Like most youth across the globe, young Somalis know that in order to make money they need a job. But once they find work, how do they save for their future? In a region where most people don’t use commercial banks, the answers to these questions can be tough to find.
With this in mind, US-based non-profit Education Development Center (EDC) and Souktel decided to tap into the strong Somali oral tradition and create a new interactive teaching tool that pairs simple mobile technology, courtesy of Souktel, with audio-based storytelling (recorded by EDC studio actors). The result is a fast-paced mobile audio program called Dab iyo Dahab -- which translates to Gold and Fire – a 40-episode series that teaches basic lessons in financial literacy, to ensure that Somali youth entering the workforce know how to manage their income.

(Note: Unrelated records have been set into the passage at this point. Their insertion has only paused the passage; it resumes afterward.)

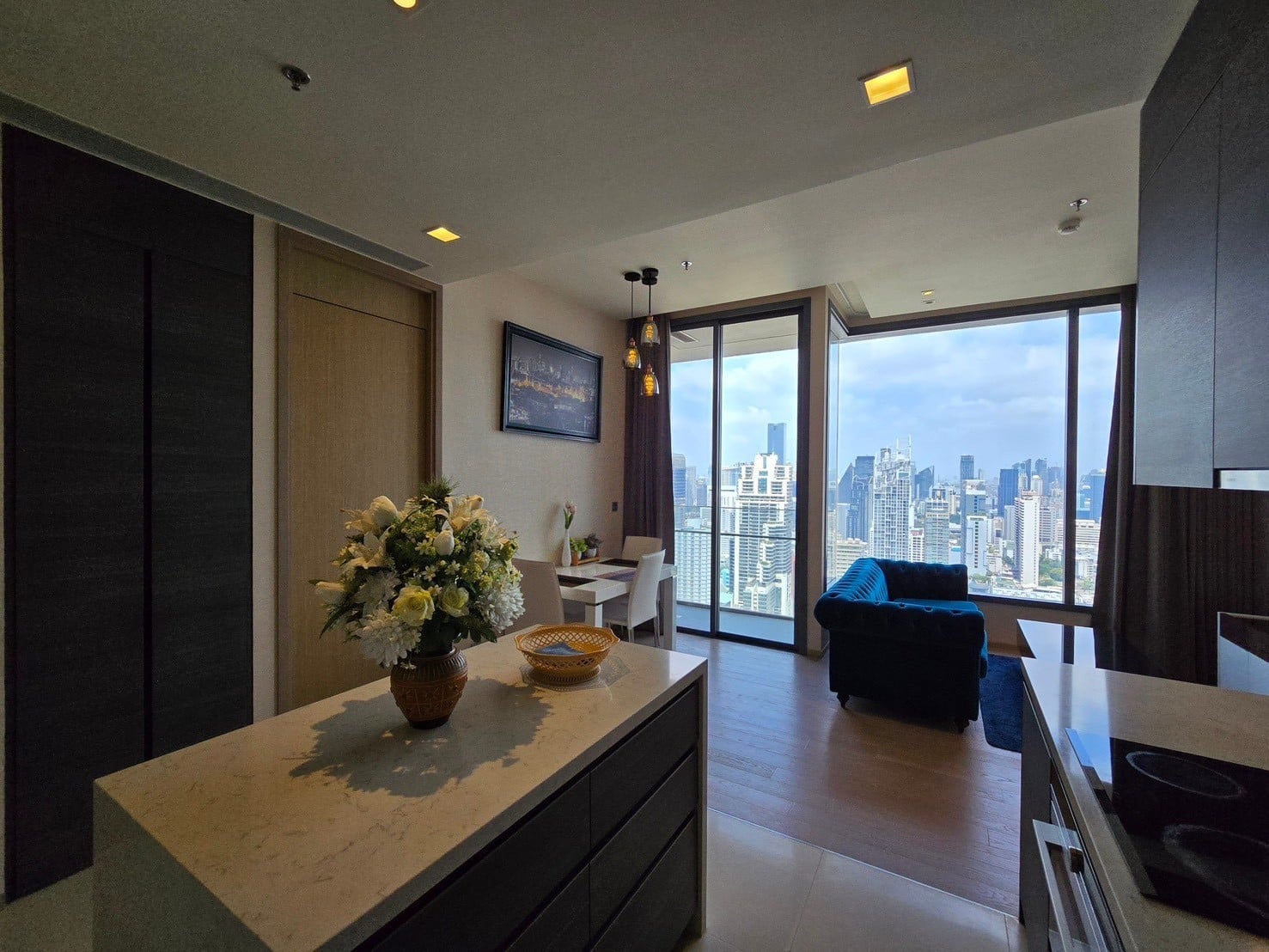 The Esse Asoke, Bangkok 1
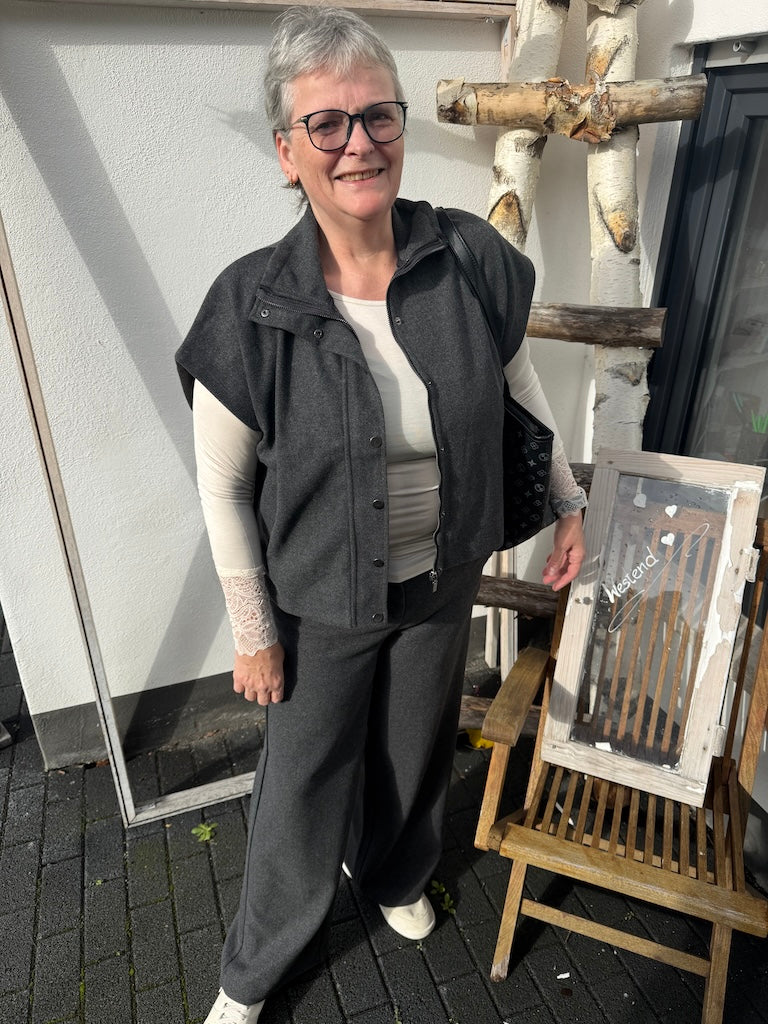Weste in grau mit Stehkragen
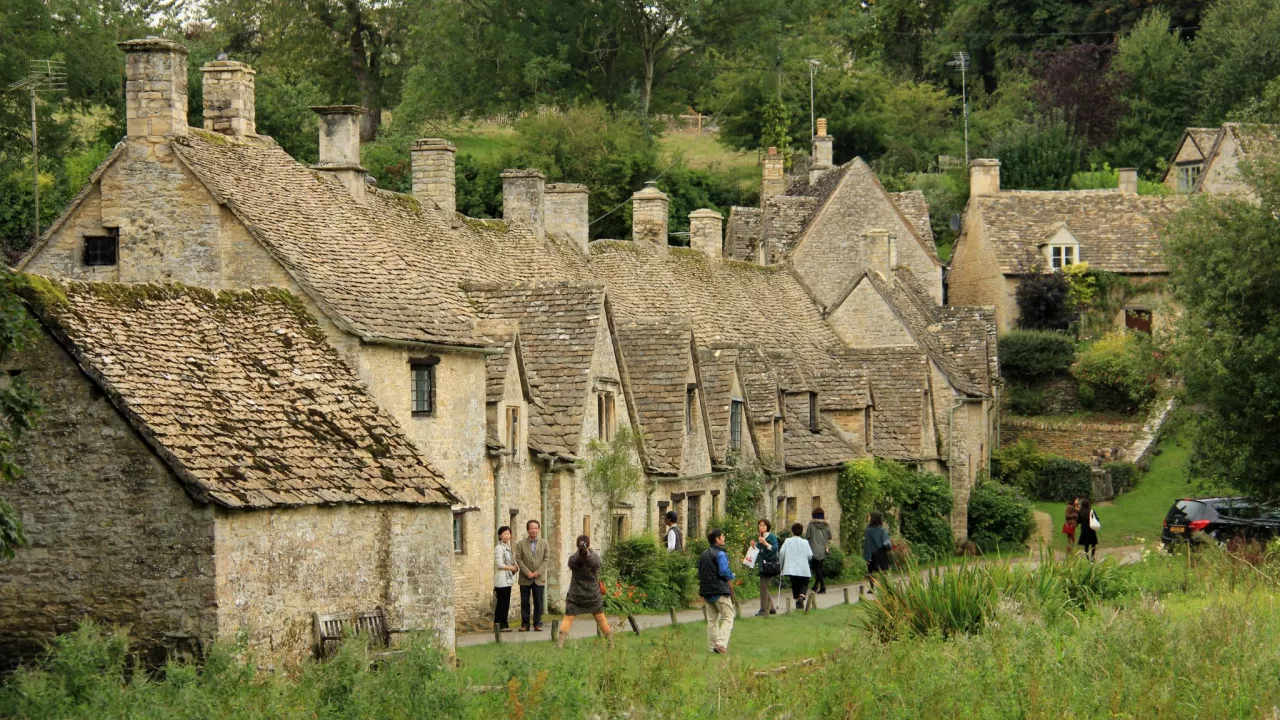 GloucestershireBILBURYStMary(karenroeCC-BY-2.0)1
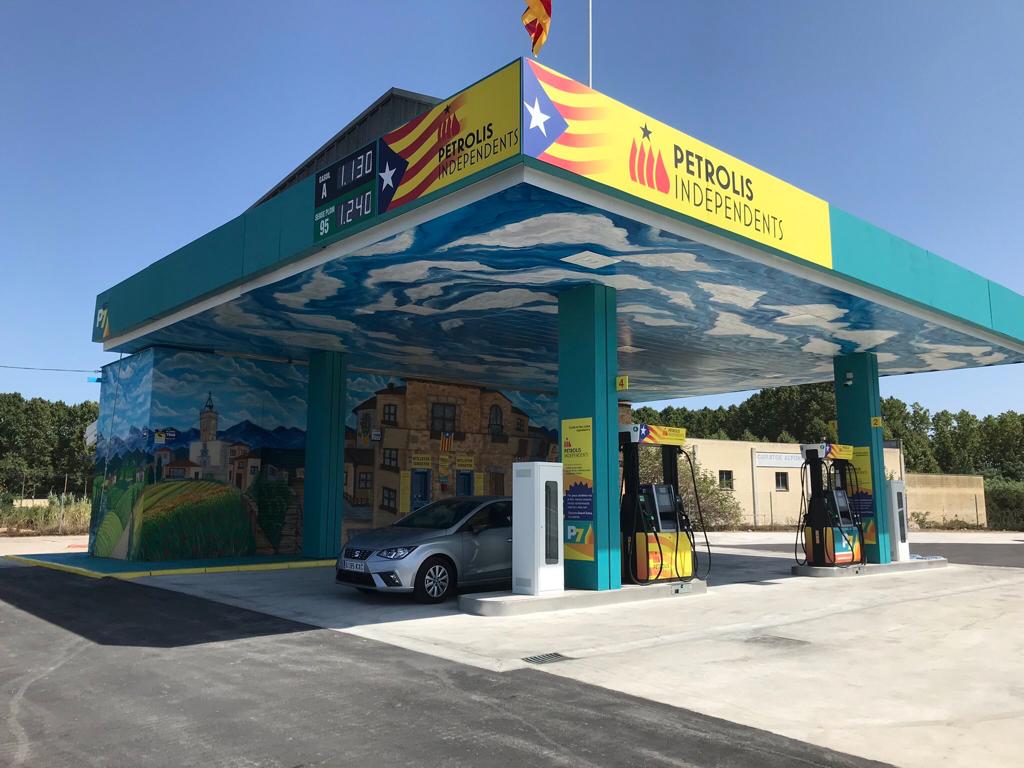 Una gasolinera de la cadena Petrolis Independents | Cedida Una gasolinera de la cadena Petrolis Independents | Cedida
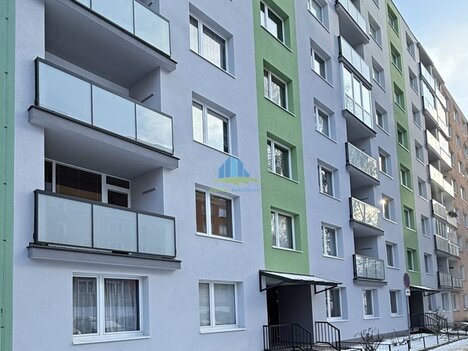 Pronájem garsonky (20m²) v panelovém domě s výtahem v Palackého ulici v Chebu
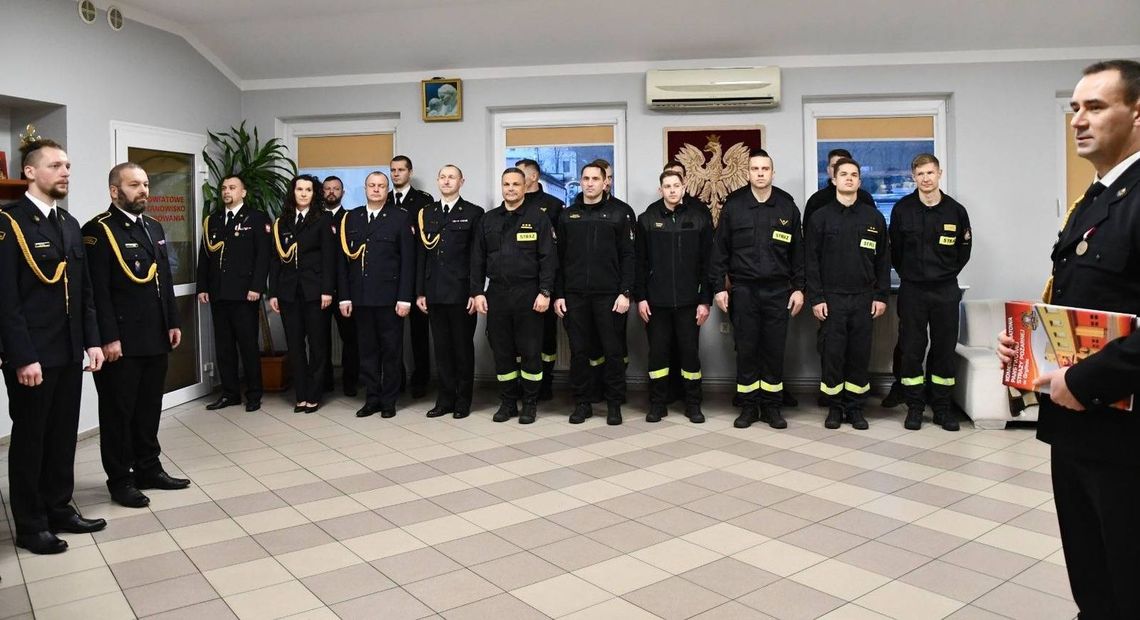 Wyróżnili strażaków. Awanse na wyższe stopnie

The lessons revolve around the fictional lives of Rooble and Batuulo, a recently married couple, as they enlist their uncle Geedi's help with various financial challenges. Each episode is accessed via mobile phone by “listening groups” of young Somalis who are enrolled in EDC’s Somali Youth Livelihoods Program--a job training and placement project funded by the US Agency for International Development (USAID).
Every week, listening groups use a mobile handset with speakers to listen to the latest lesson. Then, the job-seekers dial a toll-free number and answer questions about the lesson through touch-tone audio surveys. Right answers are greeted with recorded applause; wrong answers lead to an audio message which encourages the listeners to try again.
"The value of this service is two-fold," says Souktel co-founder Jacob Korenblum: "First, it gives job-seekers a leg up in honing their money management skills. Without the need for computers or textbooks, these youth can test their knowledge and build their financial literacy—at any time of day, from their own phone”. He adds: “Second, for EDC project staff, this service lets them track the progress of young job-seekers in real time. Each touch-tone response to every audio poll can be viewed and analyzed—so that staff can see which concepts are being mastered, and where job-seekers are having trouble”.
So far, close to 1,000 job-seekers have completed the course, and EDC has been monitoring their progress every step of the way. Dab iyo Dahab's early success has also grabbed the attention of workforce development leaders back in the US: In August, the service was featured in a special session of the USAID/Stanford University Mobiles for Education for Development conference in Washington, DC.
“We’re really excited about the potential of this service to grow,” offers Korenblum. “We’re hoping to roll it out in new markets as an add-on to our core mobile job information service. We believe there’s huge value in offering job-seekers basic financial training in addition to mobile job matching”.